→ **Task material**

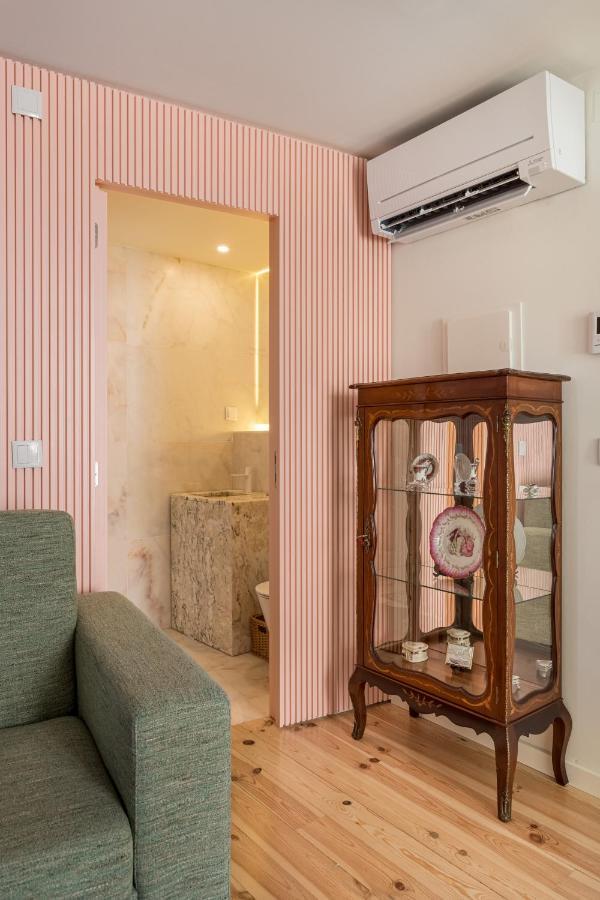 Joivy Flats Next To Rossio Square And Main Attractions * Lisboa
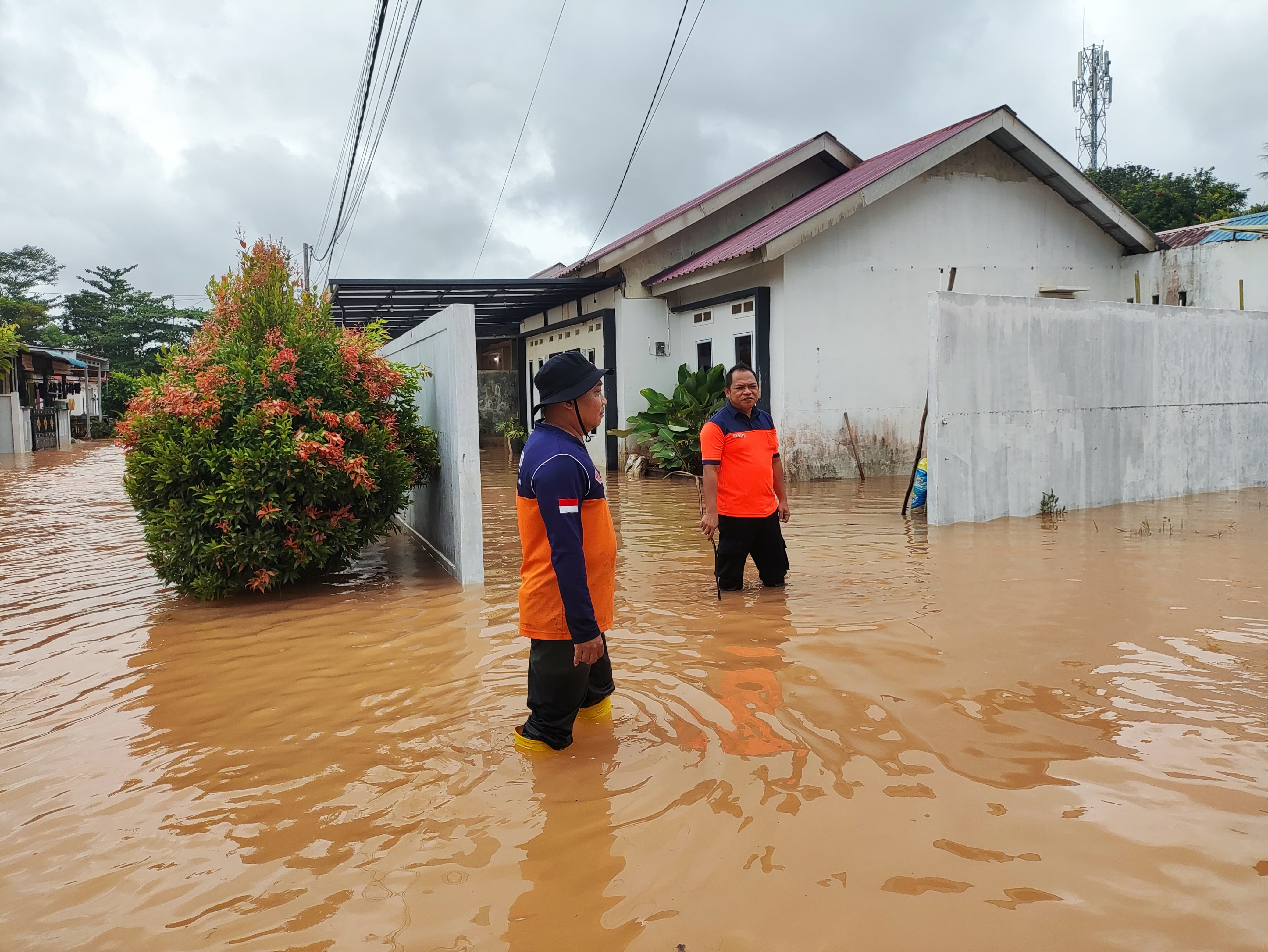 Sejumlah rumah di Perumahan Puspandari masih terendam banjir hingga Kamis (11/1) siang.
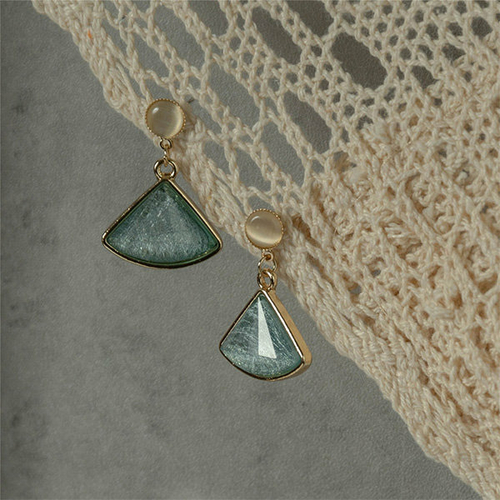 Fan Opal Earrings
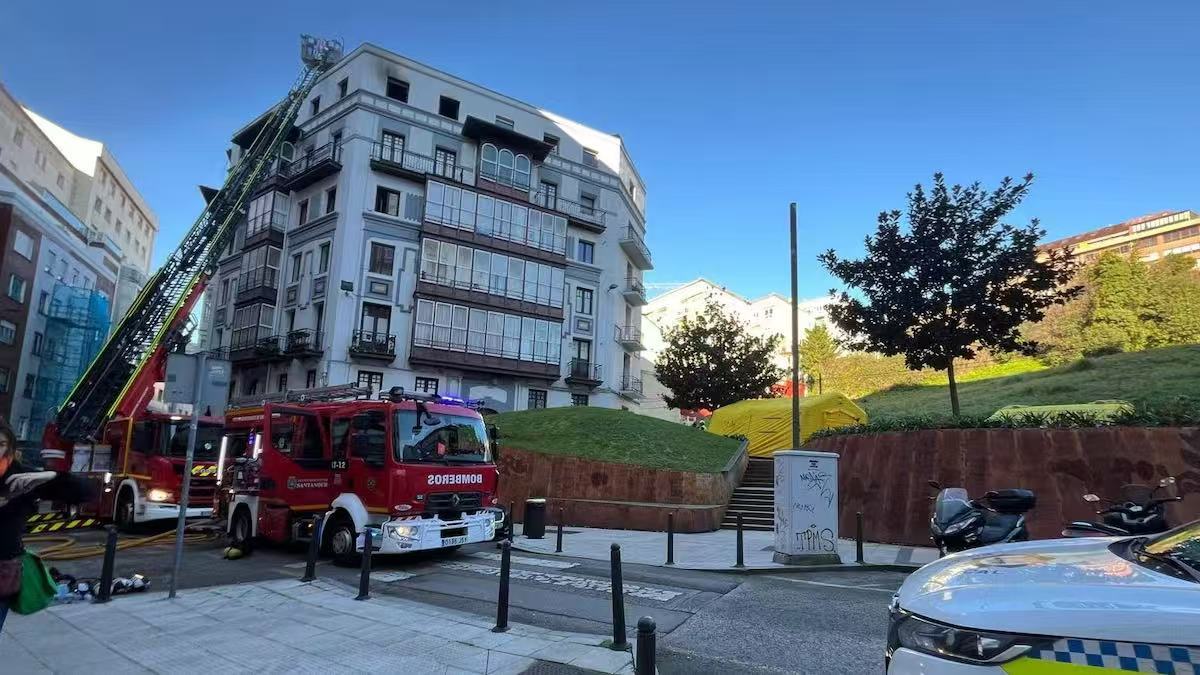 西班牙桑坦德市中心一建筑发生火灾 已致2人死亡-第1张图片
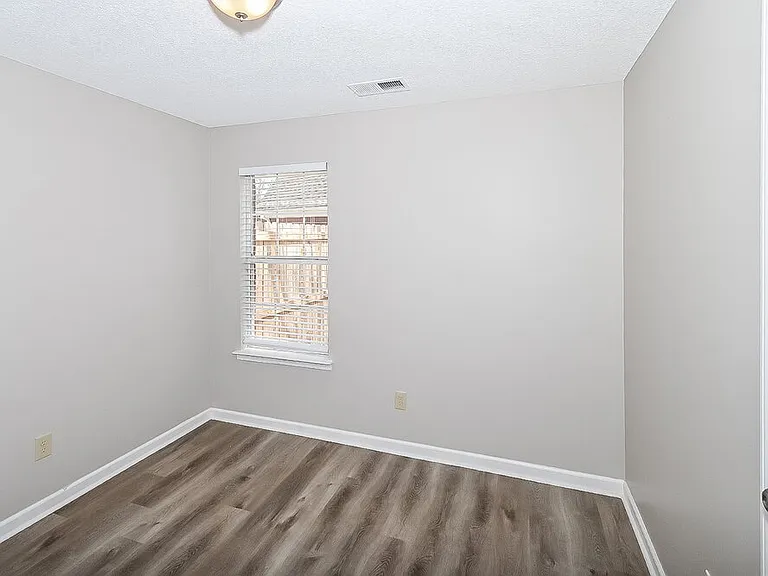 8531 Cross Point Dr — Photo 11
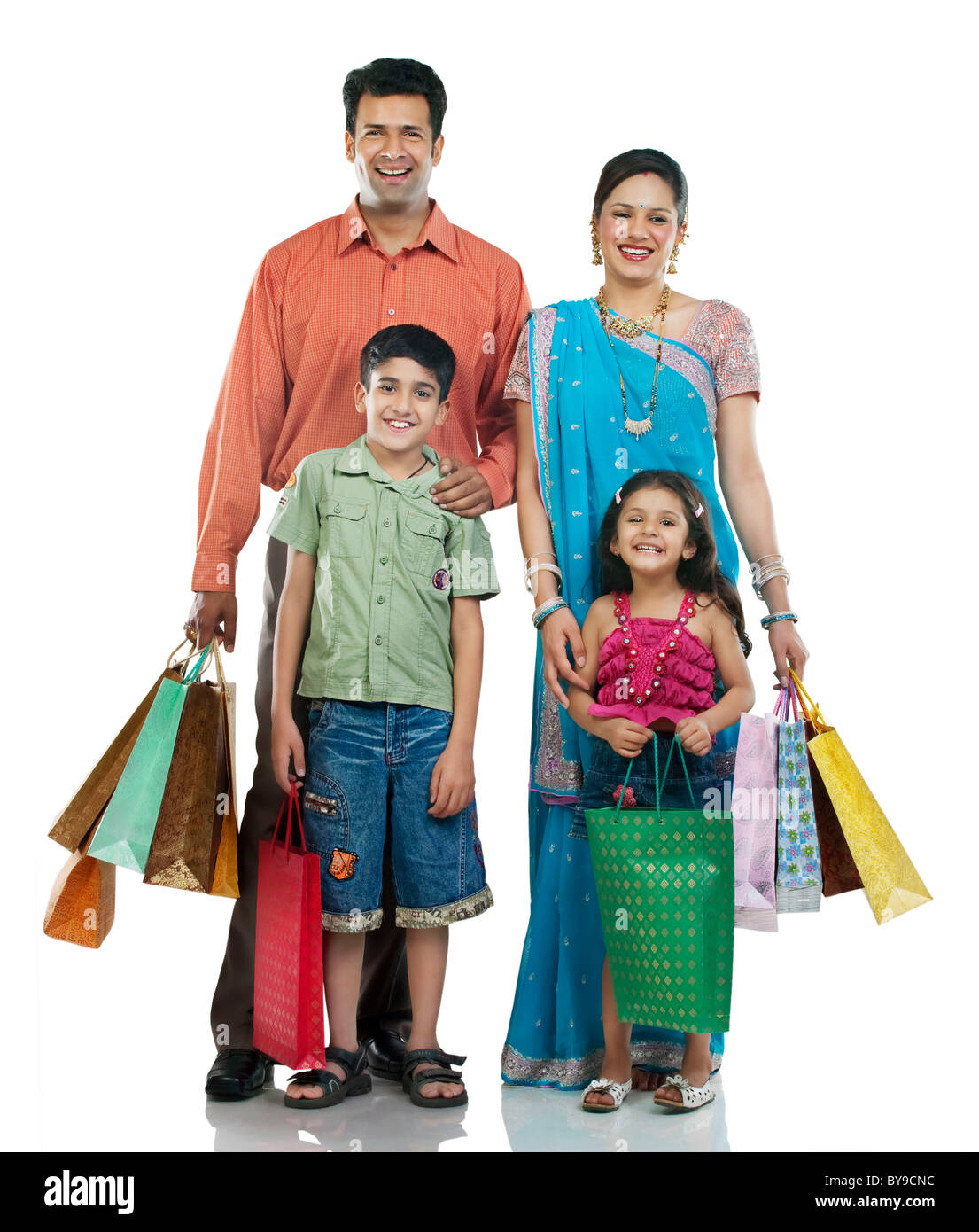 Familie mit Einkaufstüten Stockfoto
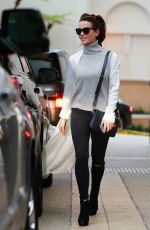 KATE BECKINSALE Shopping at Barney
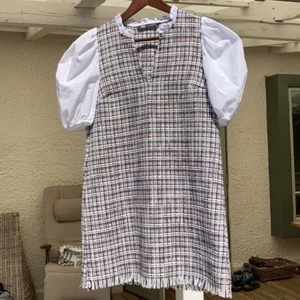 Klänning - En klänning fr zara, använd en gång. Skriv för fler bilder eller frågor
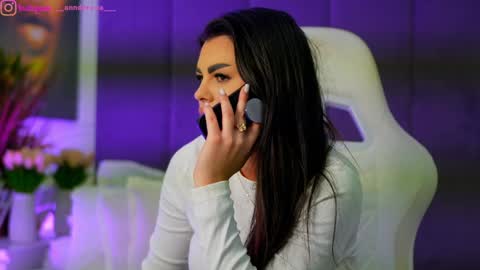 Dee online show from November 2025 02:21:01 PM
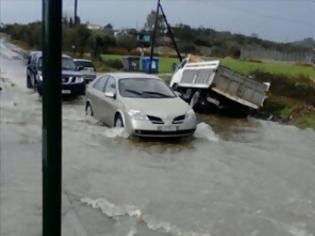 Φωτογραφία για Αγρίνιο: Παρασύρθηκαν οχήματα από τα ορμητικά νερά - Δείτε φωτο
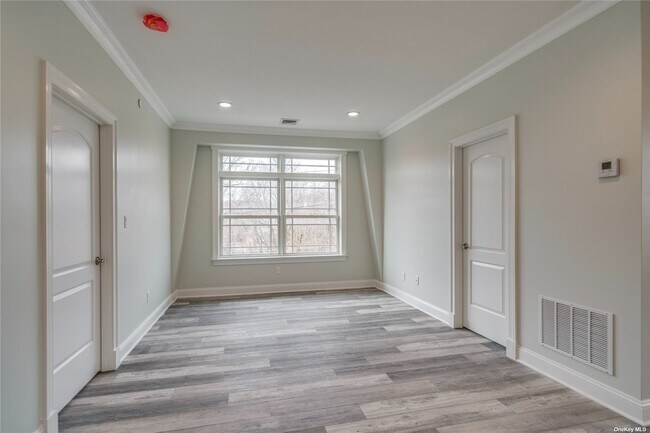 Building Photo - 110 NY-110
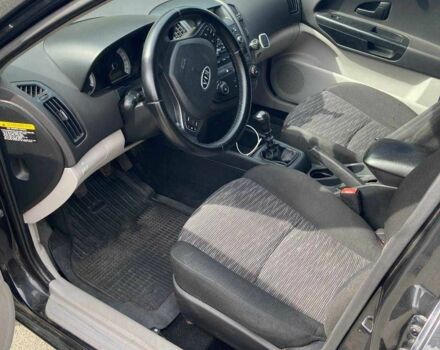 Черный Киа Сид, объемом двигателя 1.6 л и пробегом 234 тыс. км за 5800 $, фото 4 на Automoto.ua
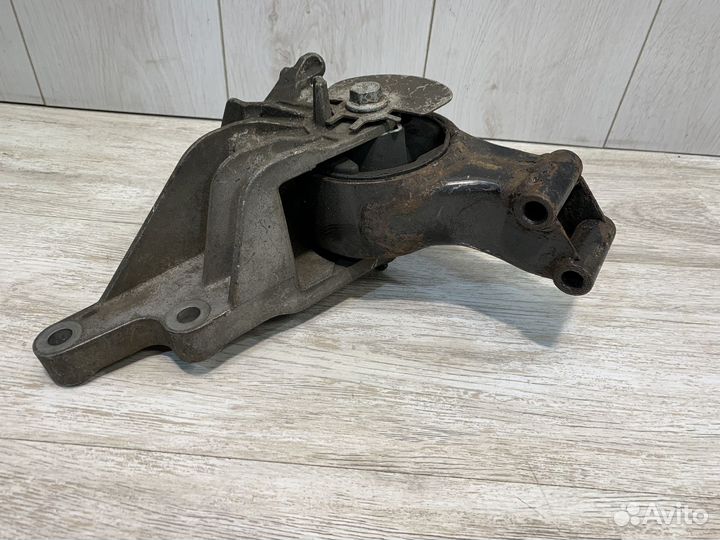 Опора и кронштейн двигателя АКПП Opel Astra J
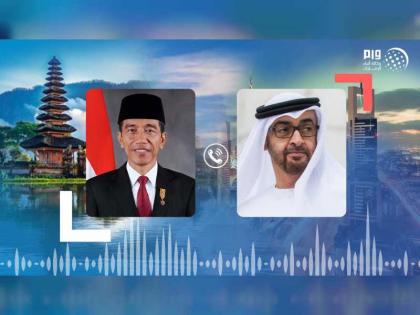 محمد بن زايد ورئيس إندونيسيا يتبادلان هاتفيا التهاني بحلول شهر رمضان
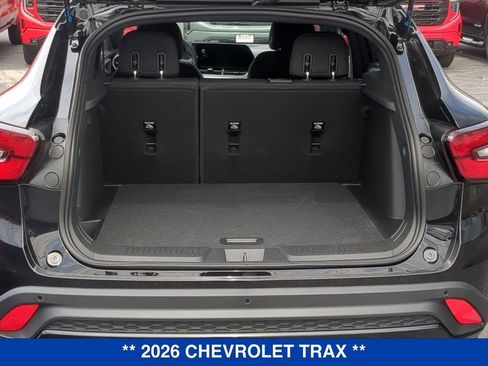 New 2026 Chevrolet Trax RS w/ Sunroof Package image 5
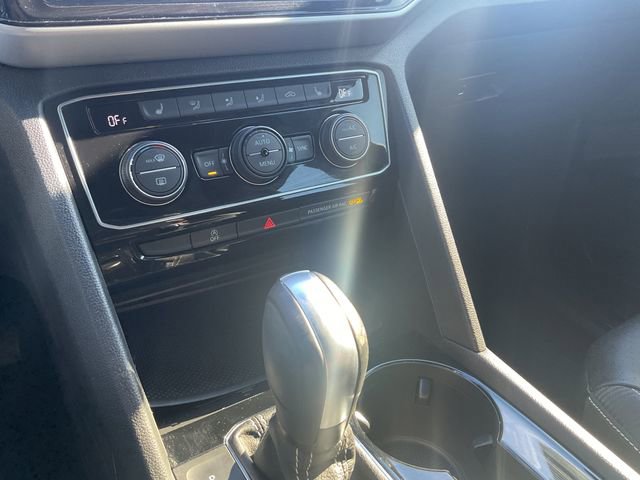 Used 2023 Volkswagen Atlas Cross Sport SE w/ Black Wheel Package image 32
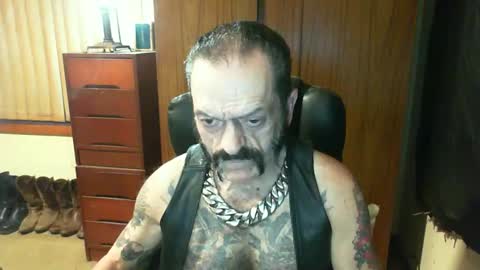 leathergreaser online show from 01-22-25, 06:52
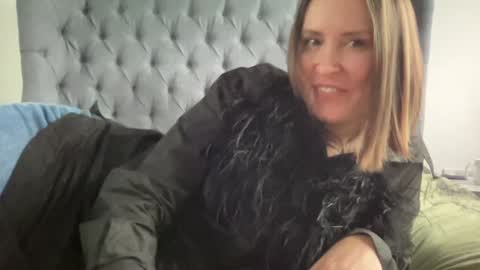 Snapshot of eatmypie69 chatting on December 5, 2024, 12:55 pm Nadia Ferreira  online show from December 5, 2024, 12:55 pm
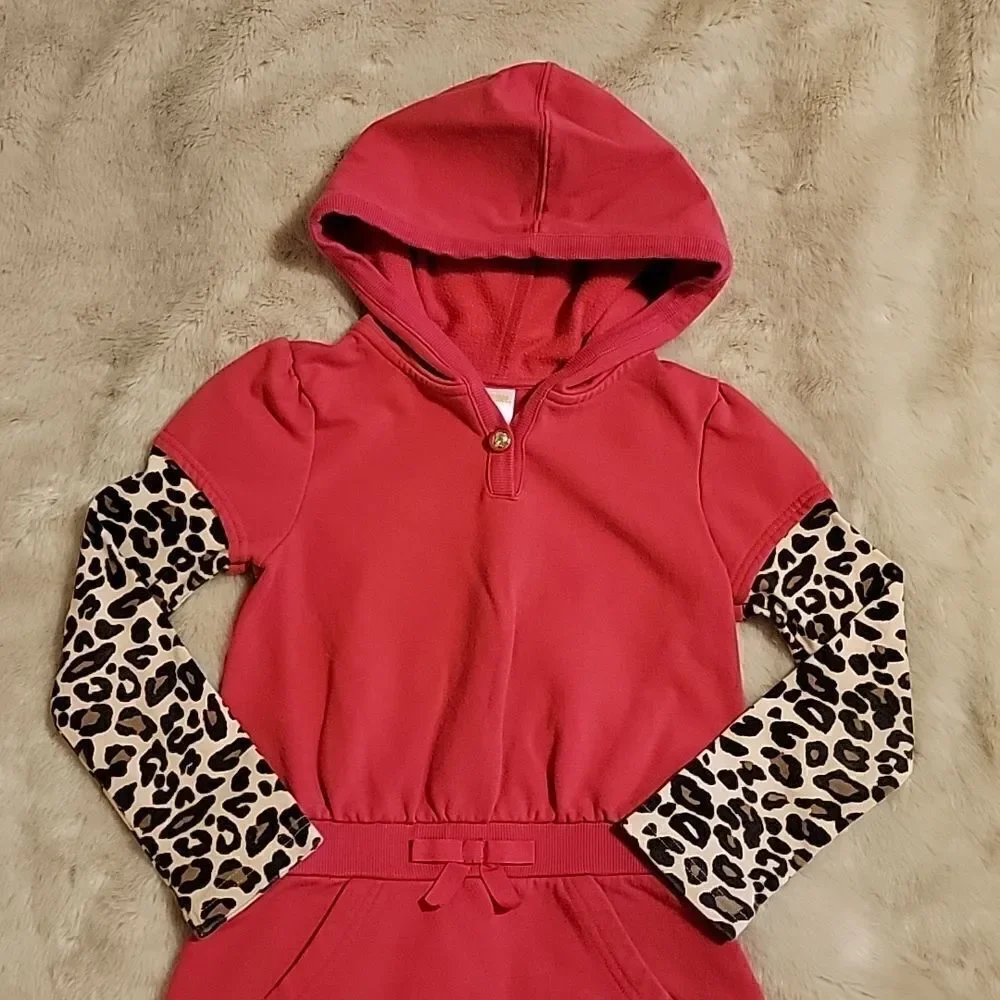 GYMBOREE RED SWEATSHIRT HOODED DRESS WITH LEOPARD PRINT SLEEVES, SIZE 6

→ **Task goal**
The lines above starting at the one that holds "Φωτογραφία για Αγρίνιο: Παρασύρθηκαν" and ending at the one that holds "leathergreaser online show" are to be written out exactly, ends included, and no pictures are to be copied.

→ **Answer space**
 Φωτογραφία για Αγρίνιο: Παρασύρθηκαν οχήματα από τα ορμητικά νερά - Δείτε φωτο
 Building Photo - 110 NY-110
 Черный Киа Сид, объемом двигателя 1.6 л и пробегом 234 тыс. км за 5800 $, фото 4 на Automoto.ua
 Опора и кронштейн двигателя АКПП Opel Astra J
 محمد بن زايد ورئيس إندونيسيا يتبادلان هاتفيا التهاني بحلول شهر رمضان
 New 2026 Chevrolet Trax RS w/ Sunroof Package image 5
 Used 2023 Volkswagen Atlas Cross Sport SE w/ Black Wheel Package image 32
 leathergreaser online show from 01-22-25, 06:52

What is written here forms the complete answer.